EXERCISE DESCRIPTION:
Could you give back the listing below exactly, every line included?

SUPPLIED INFORMATION:

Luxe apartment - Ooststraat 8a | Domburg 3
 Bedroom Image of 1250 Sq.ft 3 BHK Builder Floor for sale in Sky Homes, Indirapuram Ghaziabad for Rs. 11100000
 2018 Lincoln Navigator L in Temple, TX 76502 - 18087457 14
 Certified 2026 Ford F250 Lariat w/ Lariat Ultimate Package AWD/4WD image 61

ANSWER BOX:
Luxe apartment - Ooststraat 8a | Domburg 3
 Bedroom Image of 1250 Sq.ft 3 BHK Builder Floor for sale in Sky Homes, Indirapuram Ghaziabad for Rs. 11100000
 2018 Lincoln Navigator L in Temple, TX 76502 - 18087457 14
 Certified 2026 Ford F250 Lariat w/ Lariat Ultimate Package AWD/4WD image 61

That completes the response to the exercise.